Une ouverture au monde

Evidemment, de ce brassage d'idées émerge la figure de Fortunato, qui connaîtra bien des infortunes en dépit de son prénom. Corinne Desarzens parle de son ouverture au monde, qui n'était certes pas celle des encyclopédistes parisiens. Des Germanopratins avant la lettre. Les 58 tomes sortis de presse à Yverdon quittent les allées françaises pour faire souffler des vents venus d'ailleurs. Il y a la Chine. Le Japon, même si aucun étranger ne peut y pénétrer. La Perse. L'Europe elle-même ne forme ici plus le centre de tout. Il existe aussi l'Eglise, hélas. Mais il ne faut ici pas oublier que nous sommes face à une publication protestante, alors que la mouture française, toute anticléricale qu'elle se veuille, restait dans l'orbite catholique. Autant dire que la pression se fait moindre. Les sanctions aussi. Il existe moins en terre vaudoise l'impression de toujours braver des interdits.

Corinne Desarzens. Photo tirée de la jaquette du livre.

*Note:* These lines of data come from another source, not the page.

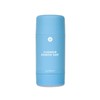Stick limpiador facial Babaria Neurobeauty 25g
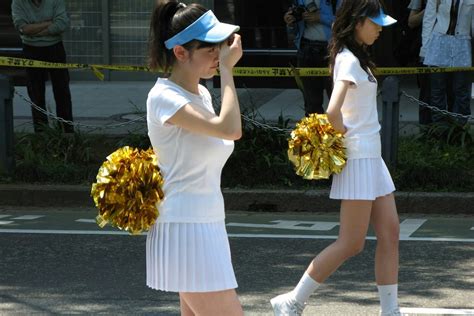 短パンのjcがお風呂を覗き見盗撮した画像 天然女子校生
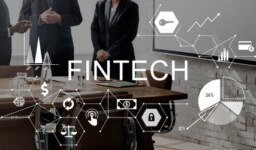 The Power of AI in Financial Services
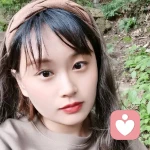 倩宝疗愈的头像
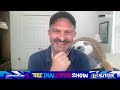 LIVE at 9am ET | 7/10/26 | The Dan Le Batard Show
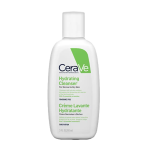 Hydrating Cleanser For Normal To Dry Skin - 88ML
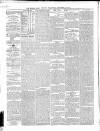 Belfast Mercury Wednesday 19 September 1855 Page 2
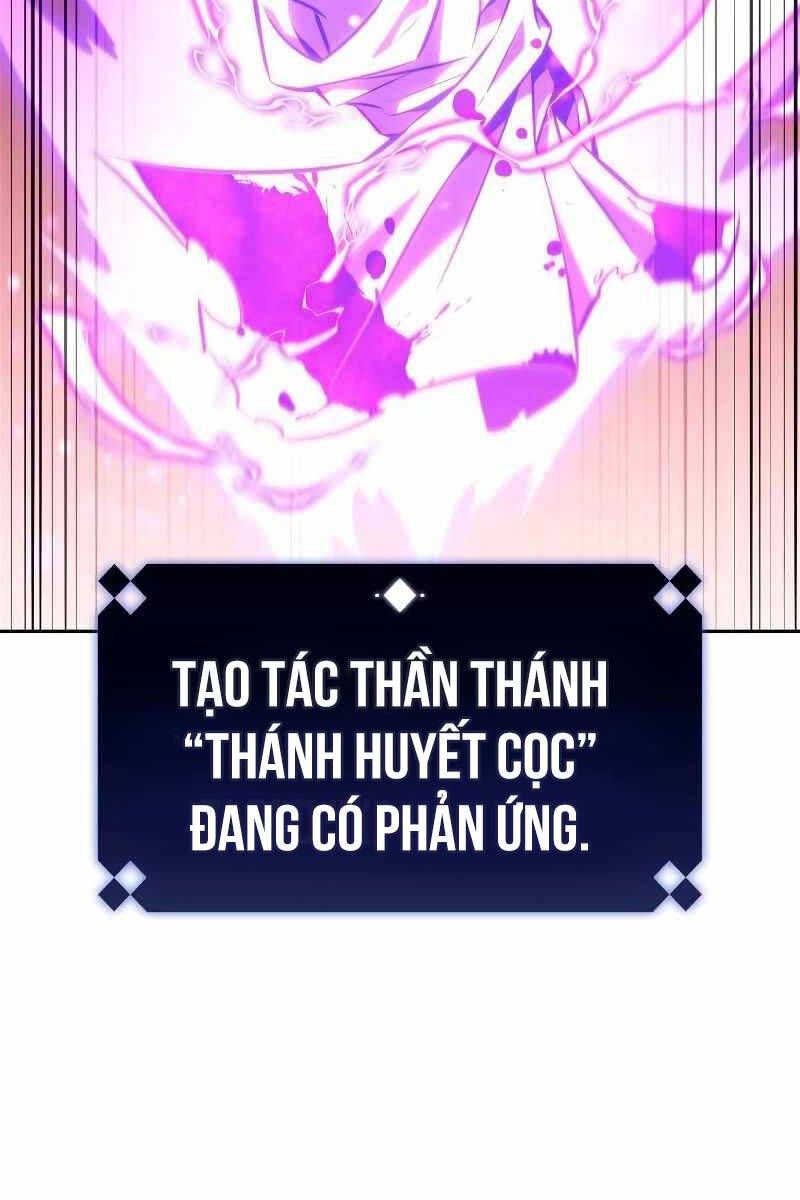 đọc truyện Tôi Là Tân Thủ Có Cấp Cao Nhất Chương 145 ảnh 21 tại Thiên Thai Truyện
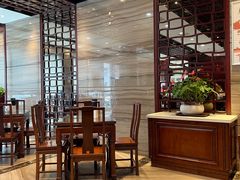 -熙盛源(永乐路店)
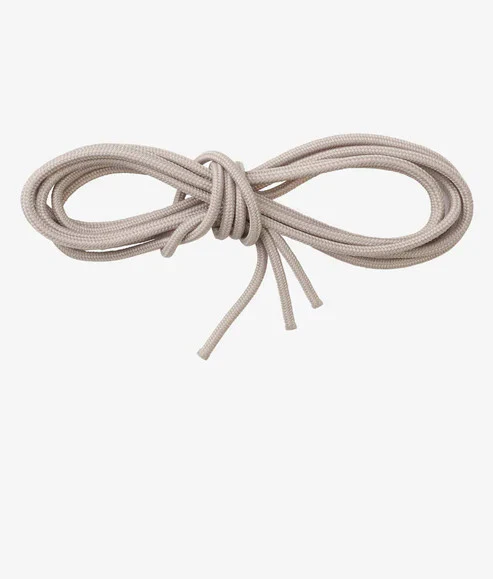 Gibraltar SC-SC Nylon Snare Cord 6 Pack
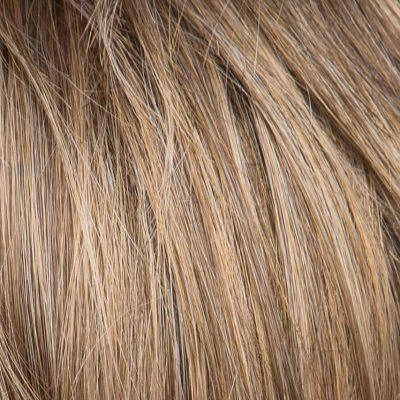 Harlow Wig by Tony of Beverly | Synthetic Wig (Traditional Cap)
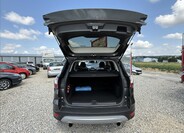 Ford Kuga 26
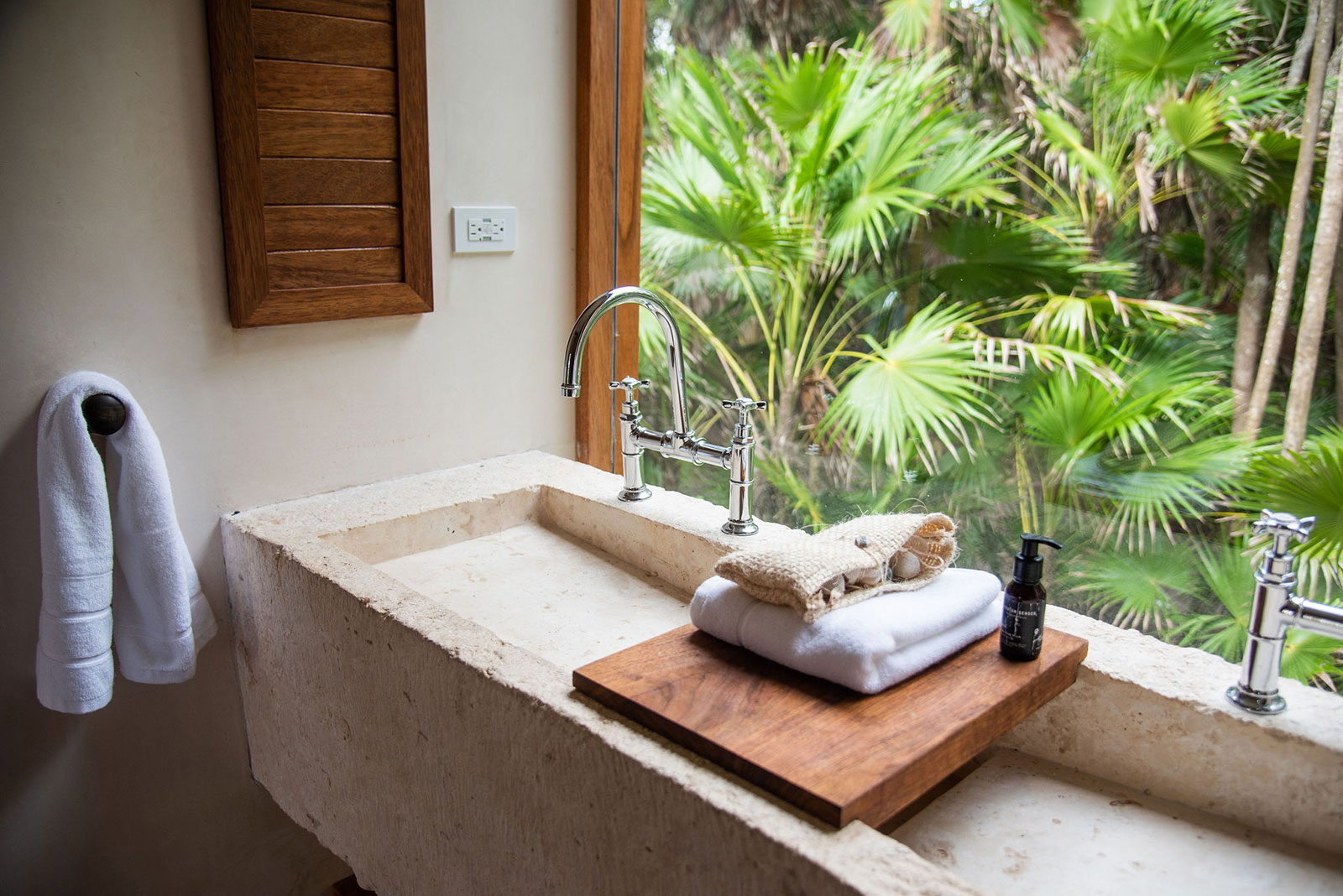 casa kati kaan tulum (24)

Corinne écrit bien. Elle a le sens de la phrase. De la formule. Personne ne le lui conteste d'ailleurs. Comme chacun sait la multiplicité de ses intérêts. Certains lecteurs lui reprochent juste de ne pas toujours la comprendre. Ce serait selon eux trop ardu. Son humeur vagabonde sauterait sans cesse d'un sujet à une autre, et d'une époque à la suivante. Ici, je dois dire que tout se révèle clair, en dépit des nombreuses digressions que la dame s'autorise. Tout un monde se reconstitue, avec l'auteur (Corinne détecte les féminisations) elle-même en «guest star». Le lecteur avance donc d'un trait jusqu'à la conclusion, même s'il n'apprend qu'à la 290e page pourquoi l'ouvrage s'intitule «Le Palais aux 37 378 fenêtres».

Un air de liberté

ET Pourquoi donc? C'est bête comme chou. L'Encyclopédie comprend, comme je vous l'ai annoncé dès de début de l'article, vu que j'ai un peu d'avance sur vous, 37 378 pages. De quoi s'égarer des mois durant parmi ses articles qui complètent (et surtout allongent) ceux de Paris. Il faut aussi dire une chose. Vers 1750, la capitale française se situait encore dans le monde de l'absolutisme. Entre 1770 et 1780 souffle déjà en Europe un petit air de liberté. La fenêtre est ouverte. Faut-il voir là une coïncidence? Fortunato est mort, après avoir perdu sa fortune hélas pour lui, en 1789.

Pratique

«Le palais aux 37 378 fenêtres» de Corinne Desarzens, aux Editions de l'Aire, 351 pages.